ISLAMABAD: The Federal Board of Revenue (FBR) has decided to establish Inland Revenue Enforcement Network (IREN) checkpoints to provide foolproof monitoring of exit points from tax-free areas, i.e. – say the former tribal areas under federal administration (Fata) and the tribal areas under provincial administration. Zones (Pata) to taxable territories.
In this regard, the FBR issued Circular No.3 of 2021 (Operations), here on Tuesday.
According to the procedure, a number of important amendments were introduced via the Finance Law of 2021, in the Sales Tax Law of 1990 (STA, 1990) applicable to various industries located in the former regions of Fata / Pata .
The most significant change brought about by the 2021 finance law concerns the new entry No. 74 added in the 8th annex to the 1990 STA, to levy a sales tax of 16 percent on all “Goods supplied by zones of old Fata / Pata to taxable areas. ”
Fata / Pata tax-exempt zones: 16 pc of GST levied on goods delivered to taxable zones
As a result, a person domiciled in Fata / Pata having the status of “active taxpayer” under Article 2 (1) of the STA, 1990, would continue to import raw materials for consumption at their own manufacturing site against deposit. post-dated checks (PDC) based on its determined installed production capacity.

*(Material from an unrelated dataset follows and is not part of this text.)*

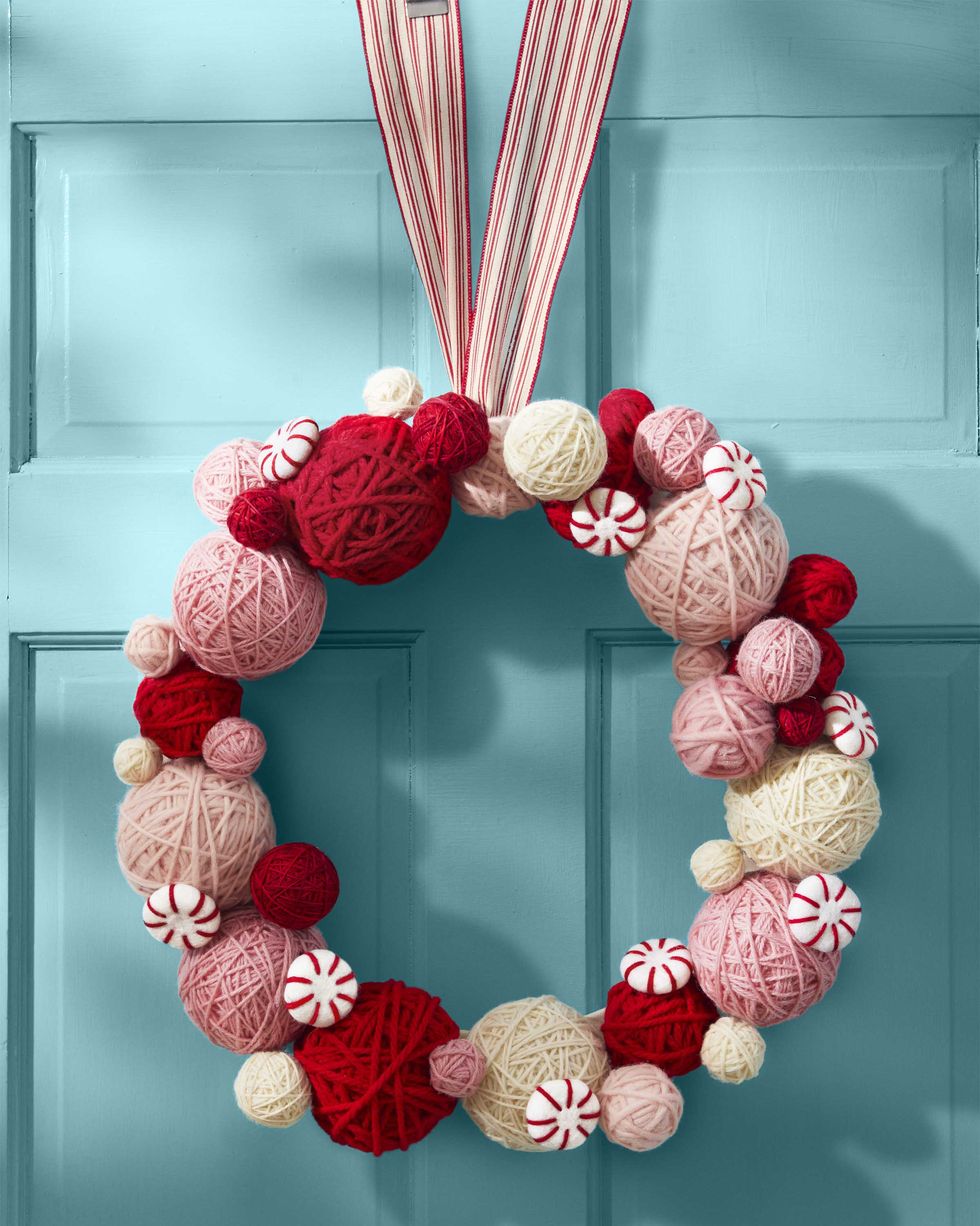colorful yarn ball wreath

Import, transport, exemption (from income tax at the import stage) and consumption of raw materials have been meticulously dealt with with FBR 2021 CGO No. 1, Circular No. 5 of 2021, circular n ° 9 of 2021 and circular n ° 13 of 2021, which remain applicable.

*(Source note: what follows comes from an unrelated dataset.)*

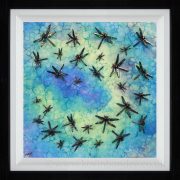 lime turquoise dragonfly art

In order to facilitate the operationalization of the benefits provided by law, industrial units domiciled in Fata / Pata can acquire an Installed Capacity Determination Certificate (ICDC) from the Khyber-Pakhtunkhwa Department of Industries or the government Ministry of Industries. from Pakistan.
Purchases made from persons in Fata, Pata not subject to GST: ATIR
The Commissioner concerned accepts the ICDC presented until he has reason to believe that the actual installed capacity is less than the determined and certified capacity.
It goes without saying that only value-added goods should be imported and not finished products, argued the RBF.
In order to undertake foolproof surveillance of exit points from non-taxable to taxable territories, IREN checkpoints under section 40D of the STA, 1990 are established and functionalized to ensure that the tax due is paid. at the rate of 16% on goods delivered in taxable territories.
The Peshawar Regional Tax Office will also establish a Tax Office in Malakand Division for the prompt release of consignments, the processing of consumption and exemption certificates and the effective and prompt implementation of the law in the letter and mind, the RBF added.